We survived our 50 books in one year challenge. In 2009 we are still reading...

Monday, July 2, 2007

Smashed by Koren Zailckas (#24, Nonfiction)

Like most people my age, I find myself wondering if the amount of alcohol I consume when drinking is enough to be considered alcohol abuse. After reading Koren Zailckas' account of her drunken girlhood, I don't think my own experiences with alcohol make me an abuser. By her standards, I am a saint. I do not use alcohol to make me intimate with my lovers, nor do I depend upon it to give me the self-confidence I lack when sober.

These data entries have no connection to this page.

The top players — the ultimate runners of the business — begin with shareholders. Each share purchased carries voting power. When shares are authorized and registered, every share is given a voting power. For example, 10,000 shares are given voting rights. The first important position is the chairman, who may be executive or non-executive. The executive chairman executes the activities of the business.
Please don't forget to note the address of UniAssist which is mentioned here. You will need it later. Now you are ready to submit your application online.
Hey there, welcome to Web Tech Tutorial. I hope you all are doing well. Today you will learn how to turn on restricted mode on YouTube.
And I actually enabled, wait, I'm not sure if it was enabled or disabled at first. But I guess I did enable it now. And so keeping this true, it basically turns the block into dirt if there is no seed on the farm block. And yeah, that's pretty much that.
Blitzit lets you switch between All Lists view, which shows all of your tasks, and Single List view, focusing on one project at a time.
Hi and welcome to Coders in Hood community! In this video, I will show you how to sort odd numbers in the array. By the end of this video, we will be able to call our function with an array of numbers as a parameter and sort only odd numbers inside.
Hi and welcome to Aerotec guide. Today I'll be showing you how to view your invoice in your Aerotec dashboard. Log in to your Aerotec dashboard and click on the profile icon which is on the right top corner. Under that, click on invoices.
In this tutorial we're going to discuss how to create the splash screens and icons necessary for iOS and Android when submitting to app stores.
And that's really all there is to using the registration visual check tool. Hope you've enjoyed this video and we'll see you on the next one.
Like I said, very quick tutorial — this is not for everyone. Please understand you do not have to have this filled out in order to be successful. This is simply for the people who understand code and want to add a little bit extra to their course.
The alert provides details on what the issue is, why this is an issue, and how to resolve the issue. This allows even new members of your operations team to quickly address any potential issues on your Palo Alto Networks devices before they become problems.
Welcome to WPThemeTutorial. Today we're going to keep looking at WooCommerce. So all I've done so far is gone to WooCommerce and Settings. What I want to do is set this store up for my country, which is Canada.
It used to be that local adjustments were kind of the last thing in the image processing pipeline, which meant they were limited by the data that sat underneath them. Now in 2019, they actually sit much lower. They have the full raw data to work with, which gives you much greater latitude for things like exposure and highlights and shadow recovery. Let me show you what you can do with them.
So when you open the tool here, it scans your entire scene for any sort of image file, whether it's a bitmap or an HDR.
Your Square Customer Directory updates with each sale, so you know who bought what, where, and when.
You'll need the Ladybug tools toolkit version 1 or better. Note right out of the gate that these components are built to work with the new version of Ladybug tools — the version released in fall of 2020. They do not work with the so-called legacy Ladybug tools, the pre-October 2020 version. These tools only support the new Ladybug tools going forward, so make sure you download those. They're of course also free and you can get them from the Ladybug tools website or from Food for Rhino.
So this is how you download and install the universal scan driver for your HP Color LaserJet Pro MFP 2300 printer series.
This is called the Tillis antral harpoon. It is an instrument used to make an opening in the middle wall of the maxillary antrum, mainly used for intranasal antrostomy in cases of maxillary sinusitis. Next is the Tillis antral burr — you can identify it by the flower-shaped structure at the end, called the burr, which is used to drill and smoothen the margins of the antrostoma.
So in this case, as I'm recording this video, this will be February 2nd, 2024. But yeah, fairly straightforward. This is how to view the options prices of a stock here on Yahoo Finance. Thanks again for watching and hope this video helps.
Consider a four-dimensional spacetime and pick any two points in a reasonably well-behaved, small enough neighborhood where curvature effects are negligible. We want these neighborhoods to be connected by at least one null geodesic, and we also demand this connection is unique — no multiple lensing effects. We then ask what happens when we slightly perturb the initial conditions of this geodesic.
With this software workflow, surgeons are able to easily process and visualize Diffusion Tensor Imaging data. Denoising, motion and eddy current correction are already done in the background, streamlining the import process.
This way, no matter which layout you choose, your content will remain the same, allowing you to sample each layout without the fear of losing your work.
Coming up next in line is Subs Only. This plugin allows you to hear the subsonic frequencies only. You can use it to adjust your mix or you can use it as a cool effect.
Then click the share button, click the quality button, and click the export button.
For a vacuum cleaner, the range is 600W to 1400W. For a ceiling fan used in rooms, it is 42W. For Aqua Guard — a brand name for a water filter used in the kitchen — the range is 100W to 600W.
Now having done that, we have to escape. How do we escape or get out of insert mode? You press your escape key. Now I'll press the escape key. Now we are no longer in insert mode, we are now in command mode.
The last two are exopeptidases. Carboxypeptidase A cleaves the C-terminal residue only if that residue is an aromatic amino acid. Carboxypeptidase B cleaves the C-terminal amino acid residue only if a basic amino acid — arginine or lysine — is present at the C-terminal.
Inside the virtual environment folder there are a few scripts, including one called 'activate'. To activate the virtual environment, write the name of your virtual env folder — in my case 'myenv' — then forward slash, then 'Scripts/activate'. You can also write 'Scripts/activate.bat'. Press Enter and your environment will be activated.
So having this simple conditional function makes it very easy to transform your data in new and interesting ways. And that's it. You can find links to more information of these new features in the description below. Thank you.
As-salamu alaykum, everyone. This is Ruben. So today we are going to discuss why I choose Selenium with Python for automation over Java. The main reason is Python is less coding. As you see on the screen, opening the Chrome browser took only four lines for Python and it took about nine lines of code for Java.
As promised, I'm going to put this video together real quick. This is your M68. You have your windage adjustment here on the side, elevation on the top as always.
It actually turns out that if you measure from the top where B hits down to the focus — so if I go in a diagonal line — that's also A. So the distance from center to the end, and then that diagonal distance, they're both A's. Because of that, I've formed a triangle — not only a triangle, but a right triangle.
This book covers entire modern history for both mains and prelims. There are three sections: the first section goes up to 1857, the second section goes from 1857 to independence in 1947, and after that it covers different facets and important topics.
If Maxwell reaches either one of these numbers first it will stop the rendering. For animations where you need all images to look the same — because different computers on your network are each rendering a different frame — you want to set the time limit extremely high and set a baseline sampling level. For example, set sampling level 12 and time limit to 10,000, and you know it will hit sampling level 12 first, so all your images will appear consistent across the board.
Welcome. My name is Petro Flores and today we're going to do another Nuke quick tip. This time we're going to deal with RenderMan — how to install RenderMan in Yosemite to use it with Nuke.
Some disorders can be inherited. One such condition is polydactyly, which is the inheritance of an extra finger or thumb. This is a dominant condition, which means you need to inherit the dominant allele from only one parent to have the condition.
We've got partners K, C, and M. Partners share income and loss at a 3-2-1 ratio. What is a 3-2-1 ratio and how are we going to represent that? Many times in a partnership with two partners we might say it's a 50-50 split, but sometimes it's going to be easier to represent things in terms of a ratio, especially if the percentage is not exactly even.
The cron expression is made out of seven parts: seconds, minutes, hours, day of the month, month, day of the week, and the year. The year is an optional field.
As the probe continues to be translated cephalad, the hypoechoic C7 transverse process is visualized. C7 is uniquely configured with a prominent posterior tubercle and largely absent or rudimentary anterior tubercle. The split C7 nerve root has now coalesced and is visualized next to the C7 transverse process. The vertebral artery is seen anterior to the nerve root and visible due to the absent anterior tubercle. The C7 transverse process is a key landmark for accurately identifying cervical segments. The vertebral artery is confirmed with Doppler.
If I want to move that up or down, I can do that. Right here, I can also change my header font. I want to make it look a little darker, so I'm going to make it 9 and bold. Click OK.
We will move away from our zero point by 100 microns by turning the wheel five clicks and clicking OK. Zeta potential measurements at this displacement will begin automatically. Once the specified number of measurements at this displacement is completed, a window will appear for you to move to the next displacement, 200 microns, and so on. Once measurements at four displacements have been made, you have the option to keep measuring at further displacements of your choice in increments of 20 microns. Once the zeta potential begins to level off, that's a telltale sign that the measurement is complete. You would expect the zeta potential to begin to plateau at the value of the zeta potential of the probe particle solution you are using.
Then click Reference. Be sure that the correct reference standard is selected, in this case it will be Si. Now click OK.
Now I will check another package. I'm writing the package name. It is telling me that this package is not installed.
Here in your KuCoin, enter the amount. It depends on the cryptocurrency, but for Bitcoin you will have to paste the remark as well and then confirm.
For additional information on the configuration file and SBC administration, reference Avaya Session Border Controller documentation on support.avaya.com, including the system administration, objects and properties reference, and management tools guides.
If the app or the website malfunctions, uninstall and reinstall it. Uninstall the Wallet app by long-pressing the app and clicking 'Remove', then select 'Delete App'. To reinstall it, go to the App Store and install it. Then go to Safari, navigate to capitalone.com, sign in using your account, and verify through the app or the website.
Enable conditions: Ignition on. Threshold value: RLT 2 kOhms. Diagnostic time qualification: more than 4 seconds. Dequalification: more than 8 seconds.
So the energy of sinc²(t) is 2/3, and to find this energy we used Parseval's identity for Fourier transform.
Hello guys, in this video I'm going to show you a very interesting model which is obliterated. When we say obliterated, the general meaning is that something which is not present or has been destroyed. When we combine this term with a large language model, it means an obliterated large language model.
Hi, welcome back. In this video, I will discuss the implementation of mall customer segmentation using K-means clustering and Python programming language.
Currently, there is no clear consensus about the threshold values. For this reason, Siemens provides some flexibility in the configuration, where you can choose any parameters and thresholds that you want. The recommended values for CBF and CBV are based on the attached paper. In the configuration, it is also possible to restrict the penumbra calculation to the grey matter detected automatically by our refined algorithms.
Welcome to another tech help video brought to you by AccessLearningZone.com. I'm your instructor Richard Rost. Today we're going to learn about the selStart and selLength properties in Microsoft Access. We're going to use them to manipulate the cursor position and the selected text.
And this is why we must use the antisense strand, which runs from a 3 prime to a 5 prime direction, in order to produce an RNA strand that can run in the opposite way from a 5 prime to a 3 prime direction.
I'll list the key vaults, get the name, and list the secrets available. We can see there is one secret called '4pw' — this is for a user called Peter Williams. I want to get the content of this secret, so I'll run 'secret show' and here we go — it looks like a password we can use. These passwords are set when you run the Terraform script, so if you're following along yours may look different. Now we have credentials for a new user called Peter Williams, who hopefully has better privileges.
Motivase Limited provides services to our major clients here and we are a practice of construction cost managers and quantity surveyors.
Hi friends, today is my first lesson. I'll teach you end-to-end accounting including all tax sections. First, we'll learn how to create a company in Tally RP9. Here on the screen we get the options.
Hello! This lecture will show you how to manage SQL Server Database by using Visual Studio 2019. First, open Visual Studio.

Smashed is the brutal story that traces Zailckas' first introduction to the dizzying effects of alcohol at the tender age of fourteen to the last time she drinks and blacks out, waking up the next morning in a strange apartment, not knowing where she is or how she got there. I found the first part of the book the most riveting, as it detailed the underage drinking portion of her life. I guess I found it so interesting because I never drank in high school and her descriptions could be used to describe every suburban town in America, including the one I went to high school in.

Zailckas writes well, although sometimes I find that she is trying too hard. Her message to young girls is obviously to not use alcohol as a means by which one deals with self-esteem or self-confidence issues which is good, sound advice.